[Scraped caption text data]
┌──

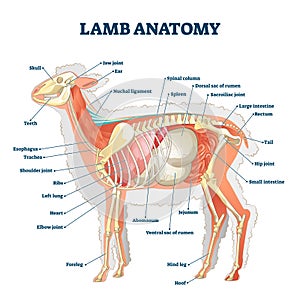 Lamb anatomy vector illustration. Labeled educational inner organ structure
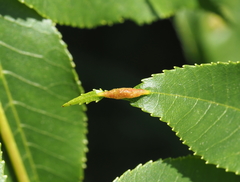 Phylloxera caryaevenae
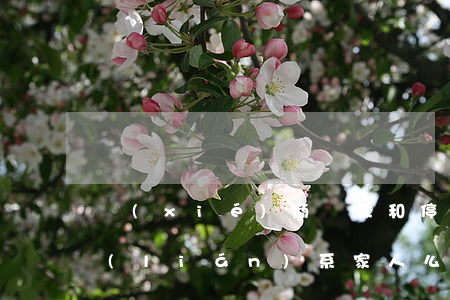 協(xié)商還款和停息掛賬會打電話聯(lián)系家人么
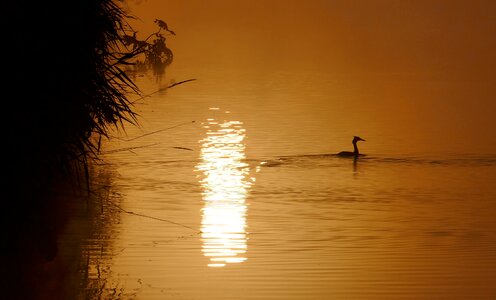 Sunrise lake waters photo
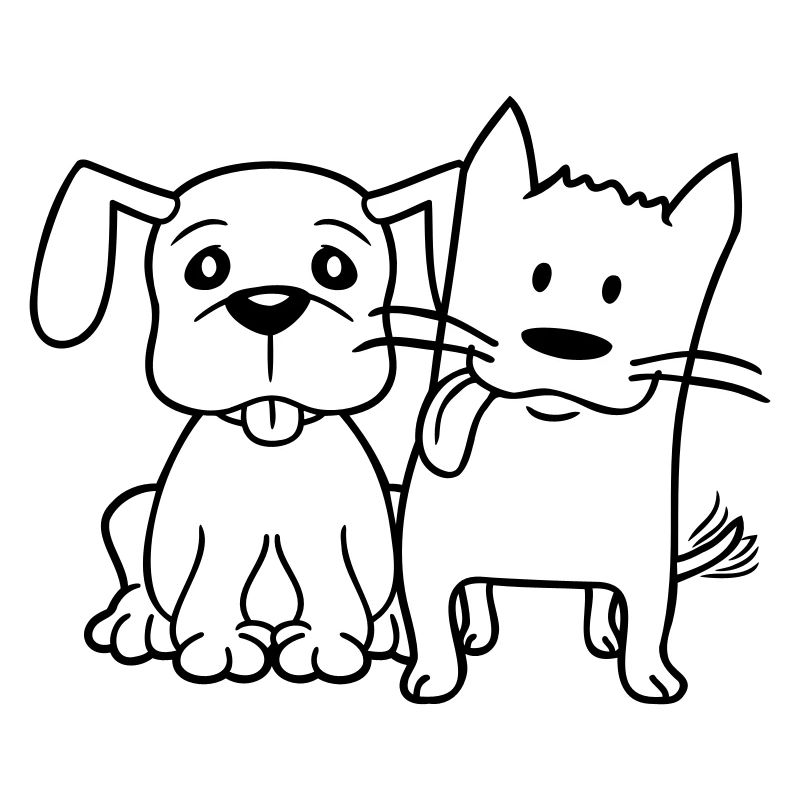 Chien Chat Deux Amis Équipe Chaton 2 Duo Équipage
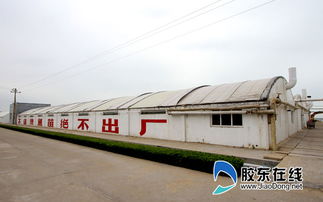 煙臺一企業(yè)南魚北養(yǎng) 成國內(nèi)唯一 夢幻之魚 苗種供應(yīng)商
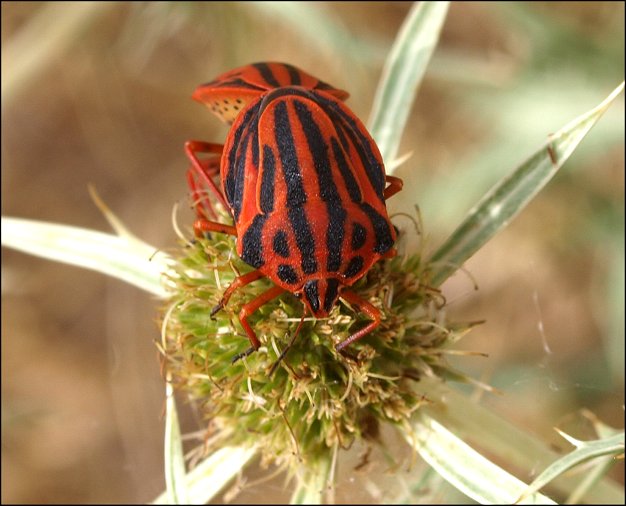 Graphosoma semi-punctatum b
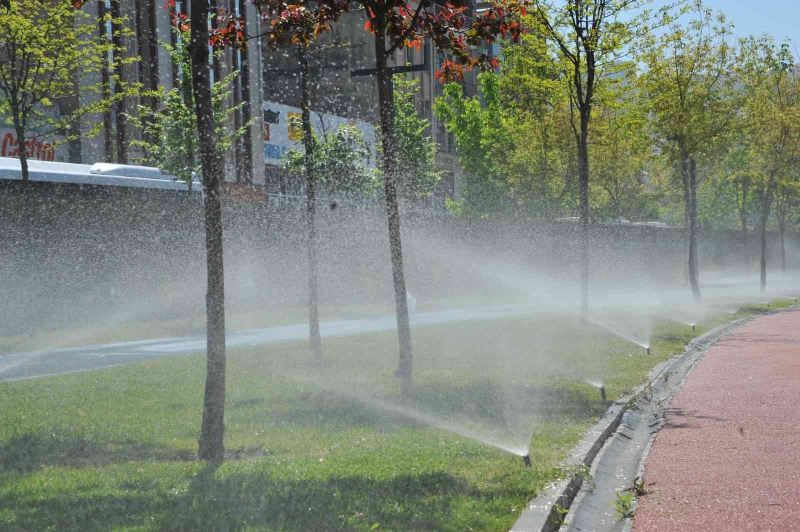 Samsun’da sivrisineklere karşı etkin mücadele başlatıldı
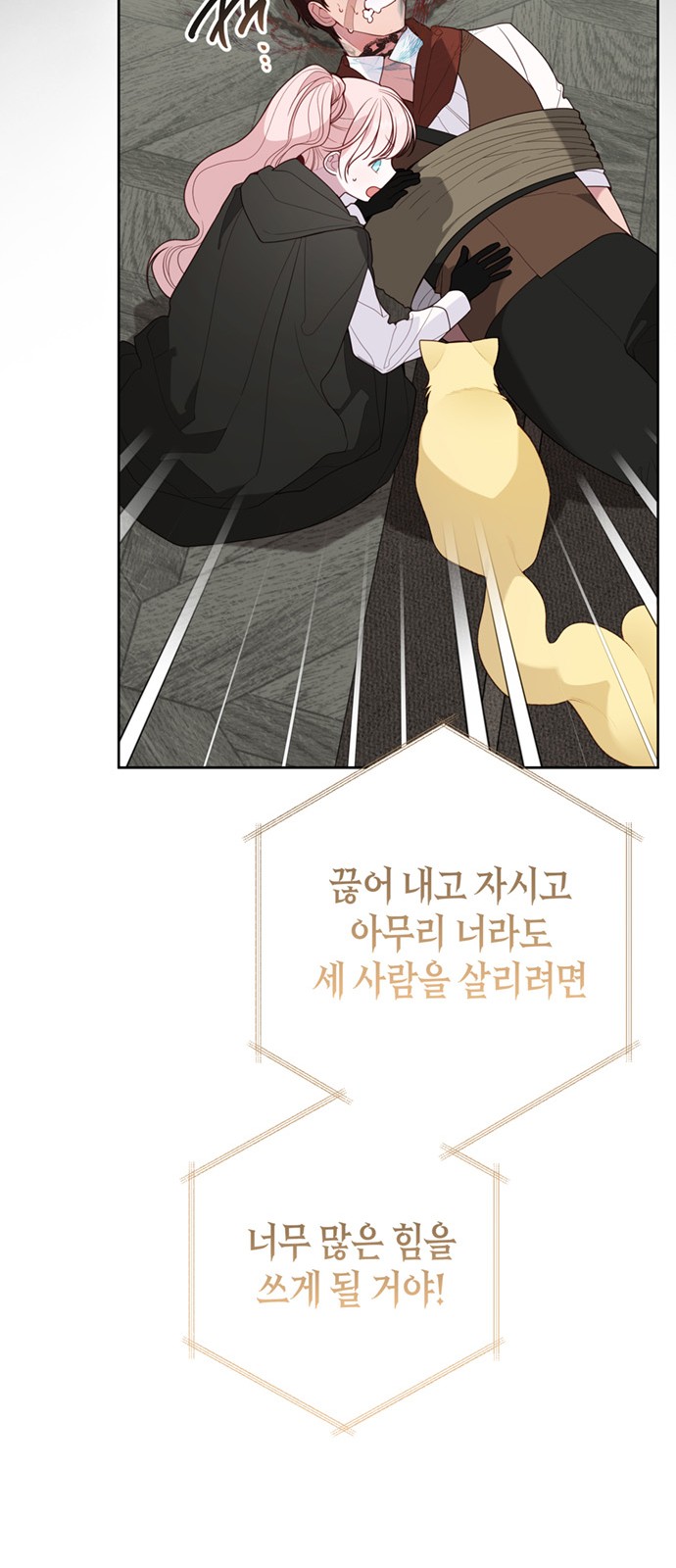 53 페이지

└──

» What needs to be done: Once the pictures are removed, return the entries exactly as they stand.

» Output below:
 Lamb anatomy vector illustration. Labeled educational inner organ structure
 Phylloxera caryaevenae
 協(xié)商還款和停息掛賬會打電話聯(lián)系家人么
 Sunrise lake waters photo
 Chien Chat Deux Amis Équipe Chaton 2 Duo Équipage
 煙臺一企業(yè)南魚北養(yǎng) 成國內(nèi)唯一 夢幻之魚 苗種供應(yīng)商
 Graphosoma semi-punctatum b
 Samsun’da sivrisineklere karşı etkin mücadele başlatıldı
 53 페이지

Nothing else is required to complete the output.